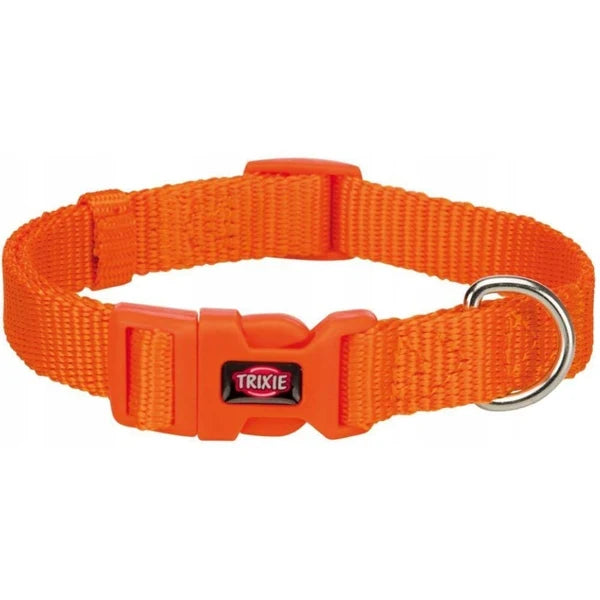TRIXIE PREMIUM COLLAR S M 30 45CM 15MM PAPAYA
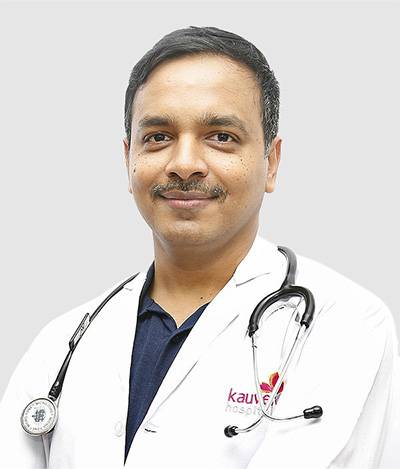 Dr. P. Saravana Kumar - Critical Care Specialist in Trichy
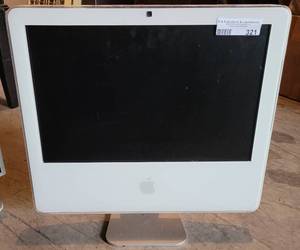 lot 321 image: iMAC COMPUTER IN STYLECOLORCONDITION SHOWN. NO POWER CORD.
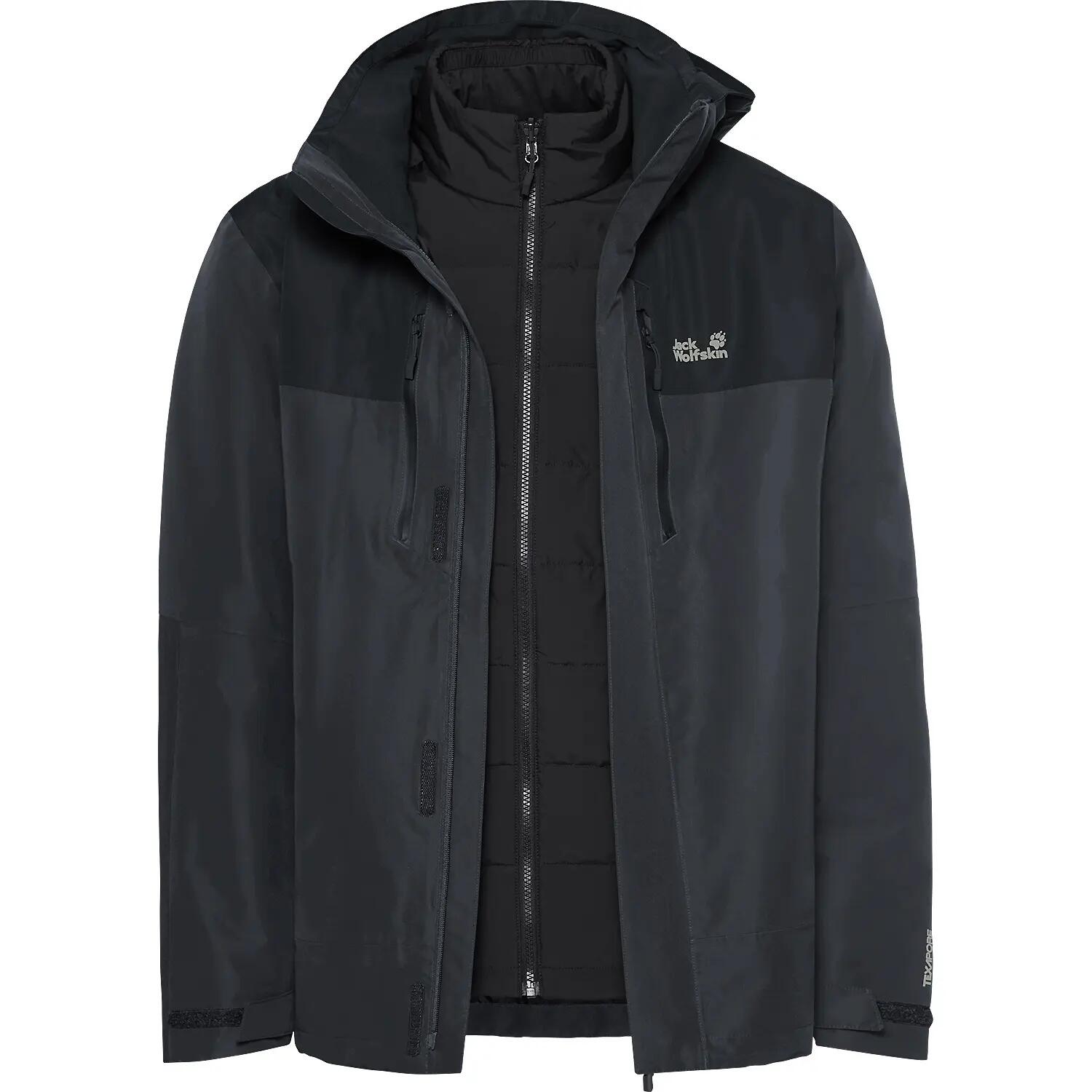 Herren Doppeljacke JASPER PRO 3IN1 JKT M 4/14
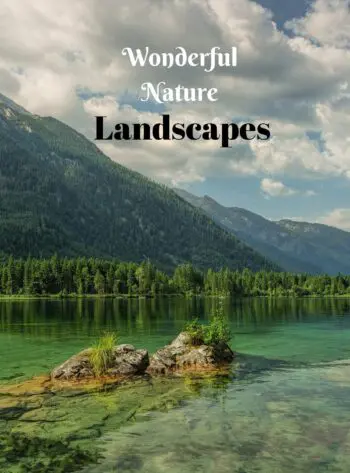Wonderful Nature Landscapes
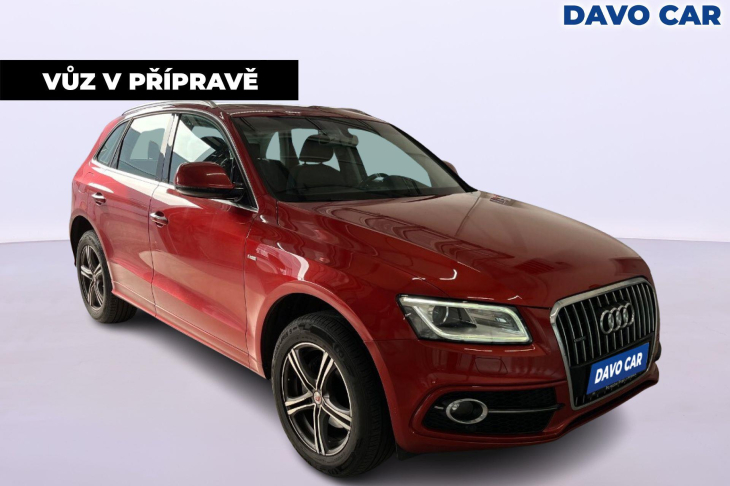 Audi Q5 2,0 TDI 140kW quattro S-Line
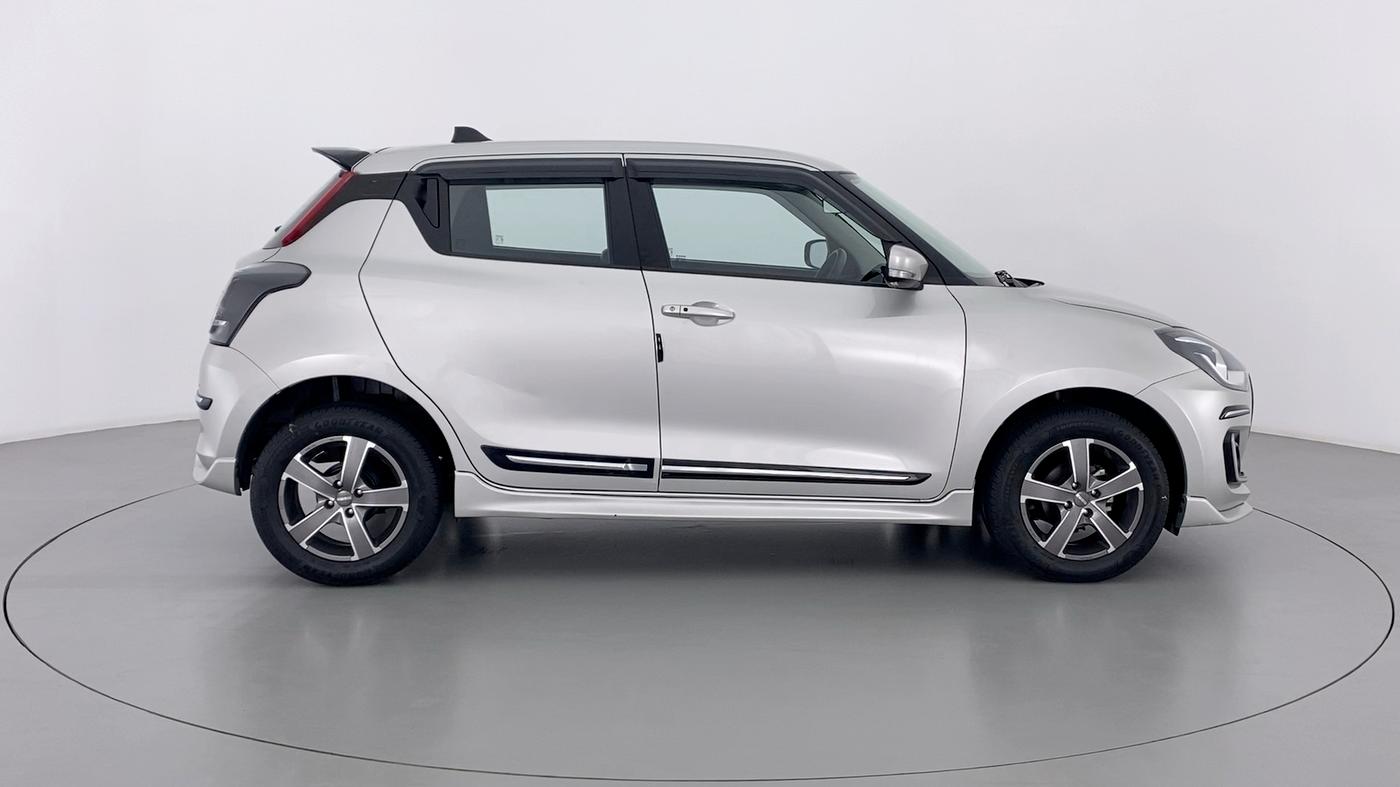 2020 Maruti Swift ZXI + AMT, Petrol, Automatic, 21,230 km, Right Side View
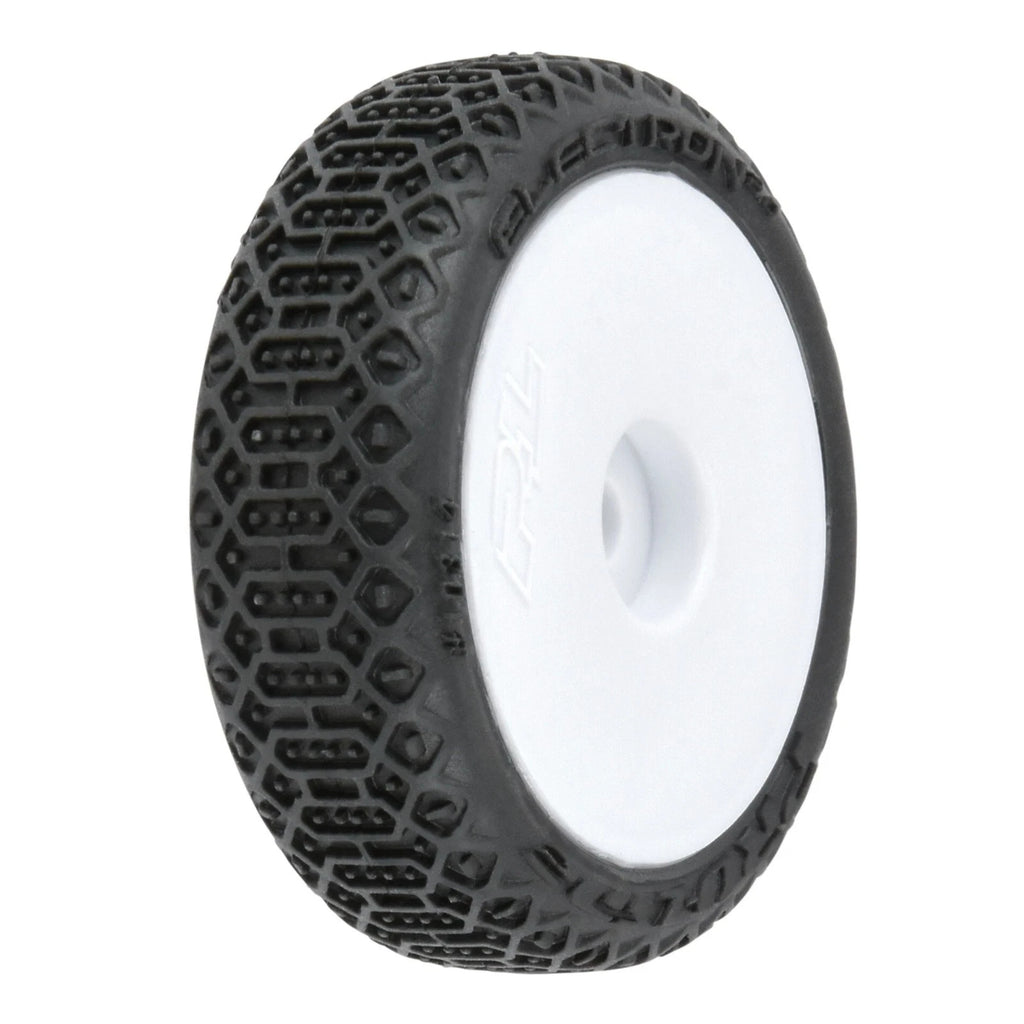 ProLine Racing (4) Electron 2.0 Front Rear Tires Mounted Losi Micro B PRO1031413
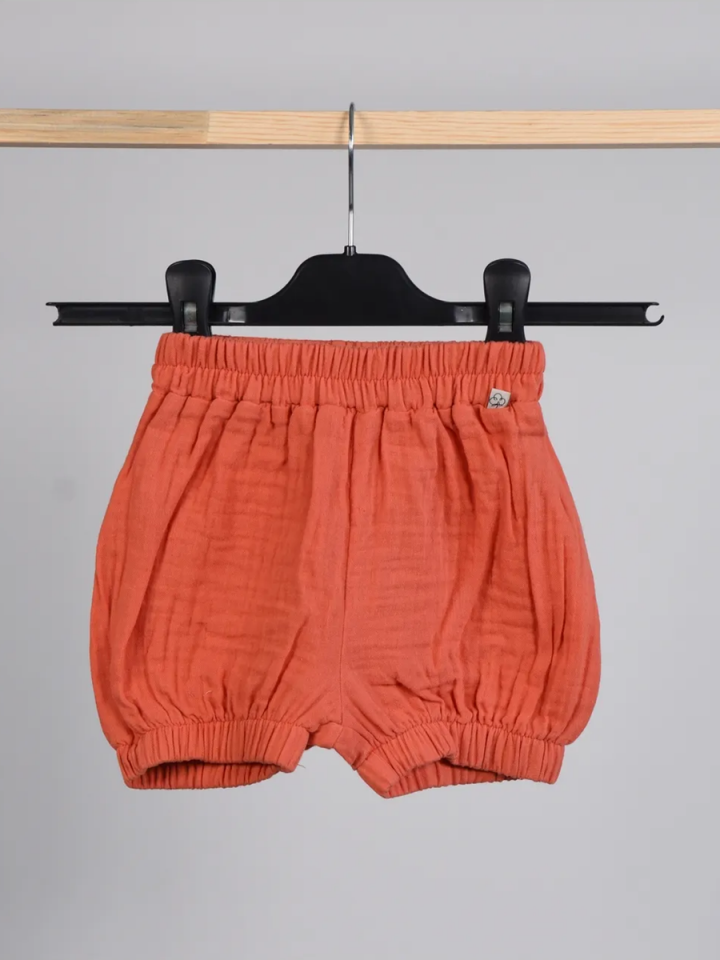 MÜSLİN Bebek-Çocuk Şort 9 ay-4 yaş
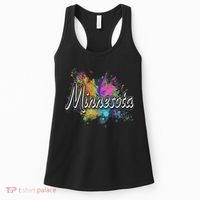 Minnesota Apparel For Men Women Women's Tank Top thumb 0
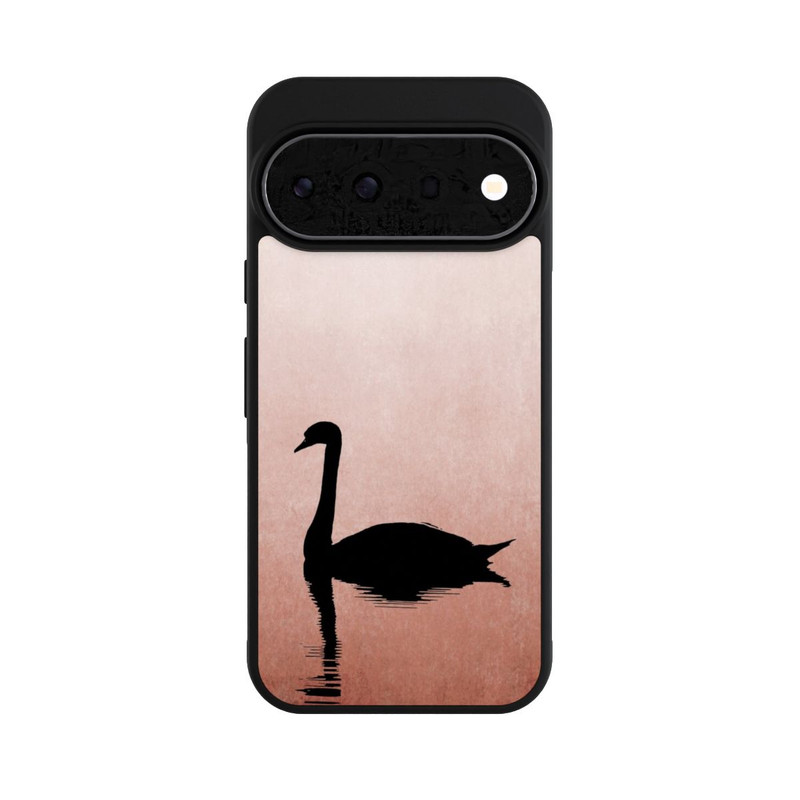 Pixel 11 Pro Base Case Der rote Schwan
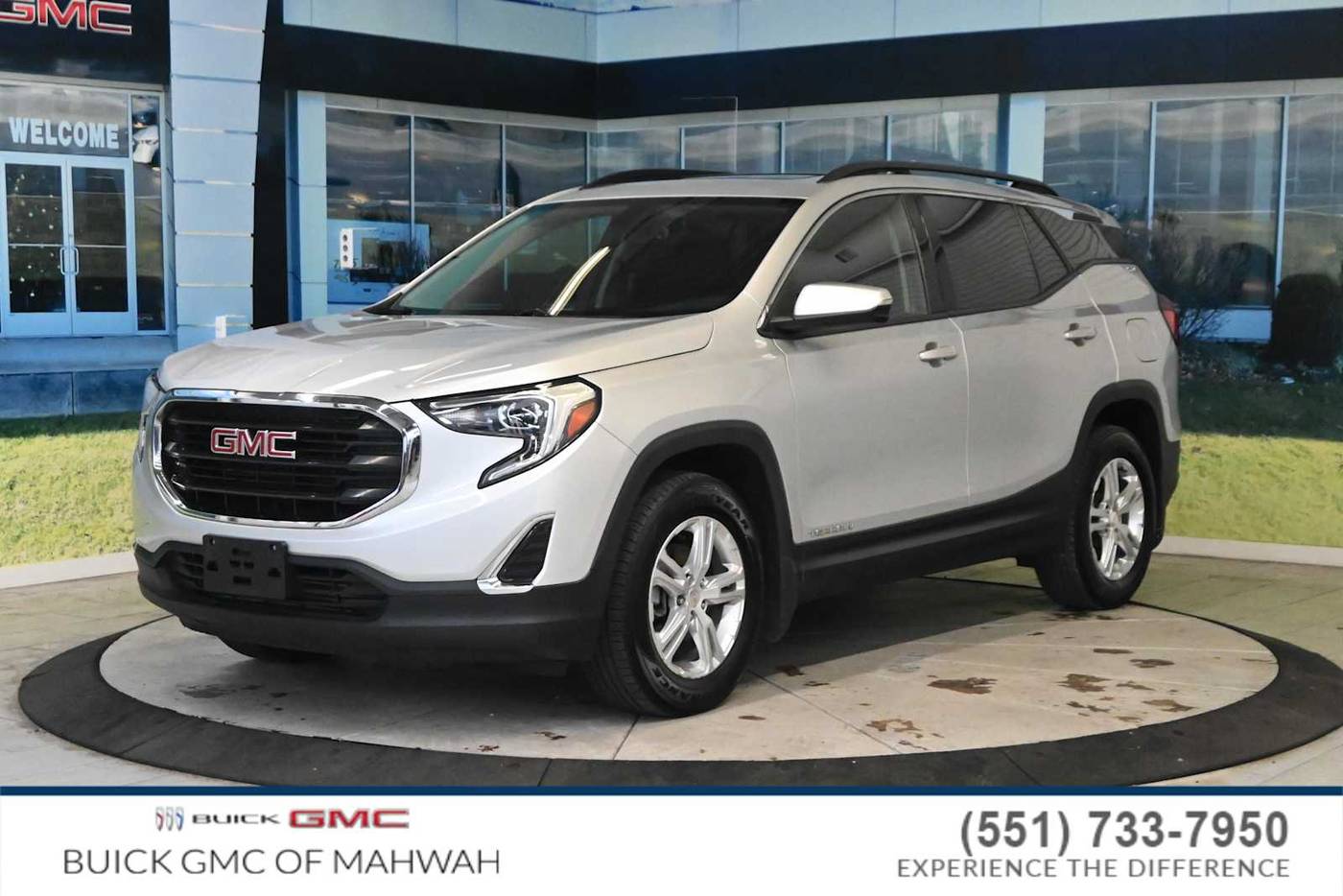 2018 GMC Terrain SLE — SUV — 66,034 mi — Mahwah, NJ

What the task asks: Leave the images out and print each entry exactly.

Written response:
TRIXIE PREMIUM COLLAR S M 30 45CM 15MM PAPAYA
 Dr. P. Saravana Kumar - Critical Care Specialist in Trichy
 lot 321 image: iMAC COMPUTER IN STYLECOLORCONDITION SHOWN. NO POWER CORD.
 Herren Doppeljacke JASPER PRO 3IN1 JKT M 4/14
Wonderful Nature Landscapes
 Audi Q5 2,0 TDI 140kW quattro S-Line
 2020 Maruti Swift ZXI + AMT, Petrol, Automatic, 21,230 km, Right Side View
 ProLine Racing (4) Electron 2.0 Front Rear Tires Mounted Losi Micro B PRO1031413
 MÜSLİN Bebek-Çocuk Şort 9 ay-4 yaş
 Minnesota Apparel For Men Women Women's Tank Top thumb 0
 Pixel 11 Pro Base Case Der rote Schwan
 2018 GMC Terrain SLE — SUV — 66,034 mi — Mahwah, NJ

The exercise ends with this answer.